We spent most of our last days on the island taking care of business, but we also had a chance to distribute homemade cookies to our new friends on the island (No-Bake Oatmeal Truffle cookies are good to make on a hot boat), eat dinner aboard Marionette, and get back in the water. Dallas used the dive gear to assist Markus in taking a look at his keel and took him on a quick dive below his boat. Meanwhile I went for a short snorkel and managed to see some really good stuff — a small green turtle, a poisonous lionfish (it looks like it has feathers shooting out from each side of its very slender black and white body), and a fish that was so intensely bright blue against a backdrop of muted pastel coral that it seemed like it was not supposed to be there. Apparently the coral is not as vibrant as it used to be there in the cove, but that’s hard to imagine. Along the edge near the wall of coral that runs around the west side of the cove, the bottom is totally covered with coral fans, brain coral, antler coral, etc.
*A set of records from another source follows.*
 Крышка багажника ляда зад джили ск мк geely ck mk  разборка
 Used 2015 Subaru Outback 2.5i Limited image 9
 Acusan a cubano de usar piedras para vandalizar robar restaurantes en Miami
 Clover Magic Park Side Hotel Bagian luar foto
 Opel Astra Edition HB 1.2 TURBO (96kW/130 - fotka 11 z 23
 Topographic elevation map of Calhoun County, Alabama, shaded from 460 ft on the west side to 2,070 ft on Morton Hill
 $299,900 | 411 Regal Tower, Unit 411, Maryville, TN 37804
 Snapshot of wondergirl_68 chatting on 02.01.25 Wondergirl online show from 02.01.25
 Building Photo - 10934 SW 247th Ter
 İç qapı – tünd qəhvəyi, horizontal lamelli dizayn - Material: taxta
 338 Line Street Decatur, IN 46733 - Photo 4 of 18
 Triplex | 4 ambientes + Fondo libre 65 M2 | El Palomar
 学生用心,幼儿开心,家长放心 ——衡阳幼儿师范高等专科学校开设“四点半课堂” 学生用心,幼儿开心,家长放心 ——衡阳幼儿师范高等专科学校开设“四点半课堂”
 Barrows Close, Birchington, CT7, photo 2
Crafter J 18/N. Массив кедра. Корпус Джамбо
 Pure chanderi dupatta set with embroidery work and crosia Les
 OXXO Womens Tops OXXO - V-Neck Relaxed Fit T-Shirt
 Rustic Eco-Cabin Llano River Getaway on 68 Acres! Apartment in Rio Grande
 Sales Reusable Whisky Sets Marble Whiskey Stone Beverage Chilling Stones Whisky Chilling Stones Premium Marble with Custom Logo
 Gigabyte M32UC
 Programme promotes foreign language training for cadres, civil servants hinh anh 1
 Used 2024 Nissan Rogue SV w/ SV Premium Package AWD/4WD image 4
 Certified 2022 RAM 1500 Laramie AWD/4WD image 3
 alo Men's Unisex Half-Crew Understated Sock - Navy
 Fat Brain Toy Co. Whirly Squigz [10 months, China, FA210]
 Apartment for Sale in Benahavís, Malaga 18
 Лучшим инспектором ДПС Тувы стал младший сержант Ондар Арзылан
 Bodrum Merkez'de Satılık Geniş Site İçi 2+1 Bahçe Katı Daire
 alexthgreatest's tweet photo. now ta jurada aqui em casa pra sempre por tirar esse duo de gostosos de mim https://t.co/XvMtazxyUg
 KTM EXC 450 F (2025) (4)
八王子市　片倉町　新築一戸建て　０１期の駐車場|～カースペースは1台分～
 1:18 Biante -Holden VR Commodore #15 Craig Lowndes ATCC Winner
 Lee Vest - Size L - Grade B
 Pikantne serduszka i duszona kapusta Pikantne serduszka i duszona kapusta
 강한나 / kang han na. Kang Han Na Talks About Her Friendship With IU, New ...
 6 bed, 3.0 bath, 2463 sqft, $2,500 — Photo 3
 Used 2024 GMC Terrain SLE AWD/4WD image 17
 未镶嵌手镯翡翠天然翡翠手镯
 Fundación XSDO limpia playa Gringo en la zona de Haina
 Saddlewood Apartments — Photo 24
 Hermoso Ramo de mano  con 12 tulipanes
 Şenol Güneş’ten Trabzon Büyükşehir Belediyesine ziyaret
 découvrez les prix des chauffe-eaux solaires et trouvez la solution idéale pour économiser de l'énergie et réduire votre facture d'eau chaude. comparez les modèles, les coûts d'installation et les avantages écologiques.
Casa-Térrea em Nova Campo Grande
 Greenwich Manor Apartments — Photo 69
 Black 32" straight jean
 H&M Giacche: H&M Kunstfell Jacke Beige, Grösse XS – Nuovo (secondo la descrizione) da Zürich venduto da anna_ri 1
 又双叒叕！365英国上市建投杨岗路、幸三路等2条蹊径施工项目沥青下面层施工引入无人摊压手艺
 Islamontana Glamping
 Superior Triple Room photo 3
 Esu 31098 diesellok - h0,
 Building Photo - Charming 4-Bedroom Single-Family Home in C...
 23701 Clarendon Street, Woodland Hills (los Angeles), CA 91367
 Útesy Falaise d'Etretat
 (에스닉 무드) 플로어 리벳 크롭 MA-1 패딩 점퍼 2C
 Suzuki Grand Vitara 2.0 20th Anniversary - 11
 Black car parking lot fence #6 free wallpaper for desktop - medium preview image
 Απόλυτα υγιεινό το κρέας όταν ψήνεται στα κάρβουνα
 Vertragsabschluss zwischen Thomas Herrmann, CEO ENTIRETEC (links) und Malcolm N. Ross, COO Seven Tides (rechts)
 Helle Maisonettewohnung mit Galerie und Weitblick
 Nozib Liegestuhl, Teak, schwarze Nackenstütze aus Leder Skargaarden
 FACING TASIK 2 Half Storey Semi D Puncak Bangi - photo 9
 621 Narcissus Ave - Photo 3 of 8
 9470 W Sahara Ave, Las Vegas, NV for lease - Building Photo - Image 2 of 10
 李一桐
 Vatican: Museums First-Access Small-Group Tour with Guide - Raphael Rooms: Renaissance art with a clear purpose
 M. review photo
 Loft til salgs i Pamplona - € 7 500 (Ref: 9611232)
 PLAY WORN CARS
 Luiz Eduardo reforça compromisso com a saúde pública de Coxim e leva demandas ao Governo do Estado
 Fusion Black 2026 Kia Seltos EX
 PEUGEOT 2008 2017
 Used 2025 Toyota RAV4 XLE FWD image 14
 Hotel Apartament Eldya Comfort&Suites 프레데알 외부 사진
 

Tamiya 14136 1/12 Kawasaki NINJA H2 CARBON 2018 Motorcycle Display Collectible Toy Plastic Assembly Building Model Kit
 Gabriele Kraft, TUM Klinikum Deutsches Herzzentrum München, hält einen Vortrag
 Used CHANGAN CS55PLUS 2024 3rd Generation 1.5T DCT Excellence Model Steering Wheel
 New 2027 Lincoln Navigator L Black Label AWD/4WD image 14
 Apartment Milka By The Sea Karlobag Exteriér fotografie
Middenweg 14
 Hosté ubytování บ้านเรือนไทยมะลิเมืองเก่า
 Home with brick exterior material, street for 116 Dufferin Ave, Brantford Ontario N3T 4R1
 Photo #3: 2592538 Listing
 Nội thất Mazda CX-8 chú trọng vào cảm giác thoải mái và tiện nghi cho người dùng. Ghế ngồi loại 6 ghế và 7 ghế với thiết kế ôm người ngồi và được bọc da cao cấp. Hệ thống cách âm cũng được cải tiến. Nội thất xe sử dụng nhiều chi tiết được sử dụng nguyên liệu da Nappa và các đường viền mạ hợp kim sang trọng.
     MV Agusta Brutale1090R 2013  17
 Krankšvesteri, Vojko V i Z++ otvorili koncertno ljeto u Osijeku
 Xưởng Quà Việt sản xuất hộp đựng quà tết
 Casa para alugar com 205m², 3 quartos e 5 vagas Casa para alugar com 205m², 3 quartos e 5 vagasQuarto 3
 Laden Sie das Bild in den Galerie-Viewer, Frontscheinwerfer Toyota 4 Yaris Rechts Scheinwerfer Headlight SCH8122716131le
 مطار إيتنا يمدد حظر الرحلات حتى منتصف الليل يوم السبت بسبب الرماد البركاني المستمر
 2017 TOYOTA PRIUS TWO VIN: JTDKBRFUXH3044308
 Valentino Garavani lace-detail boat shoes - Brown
As far as my recovery, I’m not quite 100%, but I’m getting there. I can eat soft foods now, which opens up many more options to please my variety-loving palate, but I still don’t have the energy or strength that I’m used to having. It doesn’t seem to affect my ability to sail too much, although I must admit that I haven’t been a very good cheerleader on this passage. We’ve had strong winds, big seas, and squalls right from the start. We’re flying along at over 6 knots using just the jib. It’s pretty rough compared to what we are used to here in the tropics — at times it feels like we’re getting tossed around like a mouse in the paws of a big cat. Not to mention that, as Dallas said, all of the time we’ve been spending on land lately has made us “soft”. Yesterday was the worst, as first days at sea usually are, but with this being the first leg of a very long passage to Madagascar, it seemed particularly overwhelming.
At the marine museum in Fremantle, we watched an interview with Jon Sanders, the Aussie who circumnavigated three times non-stop, spending over 600 consecutive days at sea. When asked how he handled it mentally, he stated that he did not allow himself to think negatively, he just focused on the next milestone. Well, neither Dallas, who’s feeling a bit sick from all the motion, nor me were too enthusiastic yesterday, but we didn’t get too negative (Ok, I was borderline) and are having a much better time of it today. We just finished a nice dinner of salad and alfredo pasta and listened to some international news on the SSB radio. We’ve also changed course to get on the rhumb line to Cocos Keeling Island and now have the seas on our stern quarter rather than the beam, which is more comfortable. The rain has eased up, and it’s looking like it might be a relatively clear night.